Sources tell The Hollywood Reporter that exec producers including Dan Fogelman had met with stars and were discussing season two and close to opening a writers room before they got word that their go-ahead was actually a no-go.
Ray Mickshaw/FOX
'Pitch'

Pitch is being forced into retirement.

The former Fox baseball drama from Dan Fogelman will not be revived after the This Is Us creator had reassembled the core cast — including Mark-Paul Gosselaar and Kylie Bunbury — and were discussing writers as well as prepping ideas for season two for original producers 20th Century Fox TV.

Sources tell The Hollywood Reporter that Fogelman and executive producers Kevin Falls and Rick Singer as well as execs at fellow producer Major League Baseball — who were all instrumental in season one — were told by 20th TV execs to hit the ground running as they worked out which Disney platform would be home for Pitch season two. This transpired in late April, barely a month after Disney's Fox acquisition closed and shortly after Fogelman renewed his overall deal with 20th TV. Fox's TV studio was among the assets that became part of the Disney fold after the $71.3 billion asset acquisition closed in mid-March.

Sources note that a revival of Pitch — a passion project for New York Mets fan Fogelman — was among the chips 20th TV pulled out to ensure the producer behind one of the studio's biggest hits remained with it amid offers from multiple other suitors.

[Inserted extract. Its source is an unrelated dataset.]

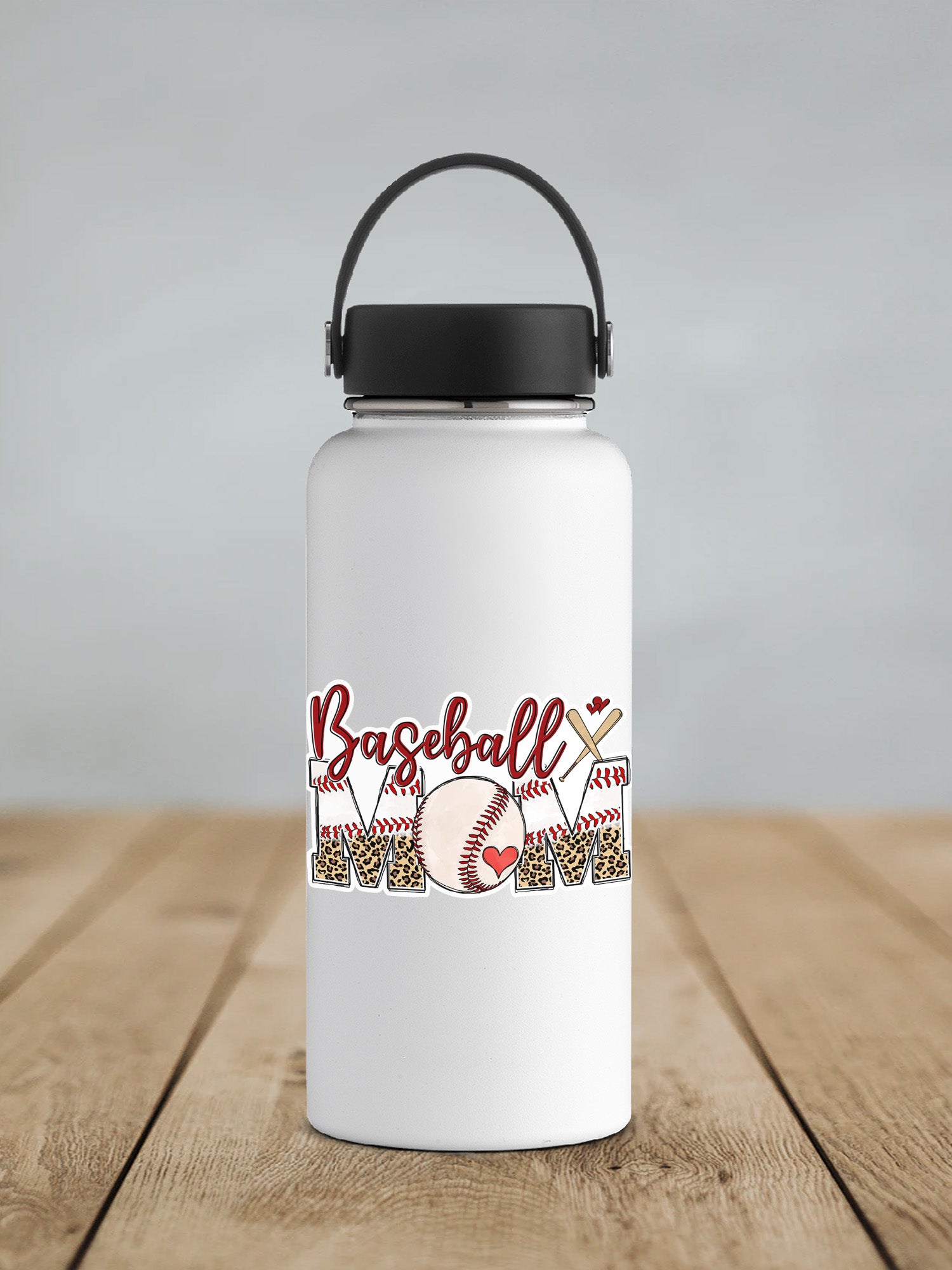 a white water bottle with a black lid on a wooden table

After meeting with execs at the studio, space for a writers room on the Paramount lot was reserved and producers started making calls to staff up for season two. No offers or deals were made/signed. Producers met with casting and business affairs execs in that same late April meeting and learned data about the show's streaming performance as the family-focused Disney+ was considered the likely and logical new home for Pitch season two.

Sources say Fogelman reiterated to execs that he didn't want to pitch season two of the drama about the first woman to play in Major League Baseball, but instead wanted a green light to revive the show. Producers, sources note, felt that season two wasn't a question of "if" but "for whom," though no official deals were completed.

That would change quickly within the week to 10 days that followed.

The Pitch team — who were in the midst of plotting out the events of season two — were then told to hold off on making formal offers to writers and chatter about season two quieted. Eventually, 20th informed producers that season two of Pitch wasn't happening as the studio was unable to find a proper home as the show allegedly skewed too old and too sophisticated for Disney+. Sources note that other Disney platforms were discussed, but ultimately the series could not find a new home.

Still, sources say that all involved remain hopeful that there will be some sort of proper closure for the baseball drama that was originally produced in partnership with MLB. The season one finale featured glass-ceiling-shattering pitcher Ginny Baker experiencing a season-ending injury.

Appearing Monday at the Television Critics Association's summer press tour to support his new show, Black-ish prequel Mixed-ish, Gosselaar confirmed to reporters that Pitch was "pretty dead." "I hate to say [that]," he told Give Me My Remote. "I was even growing out my beard. It was right before The Passage's possible [season two] pickup, I was getting ready for Pitch. But at this moment, it's possibly on hold indefinitely." 

Representatives for 20th TV declined comment.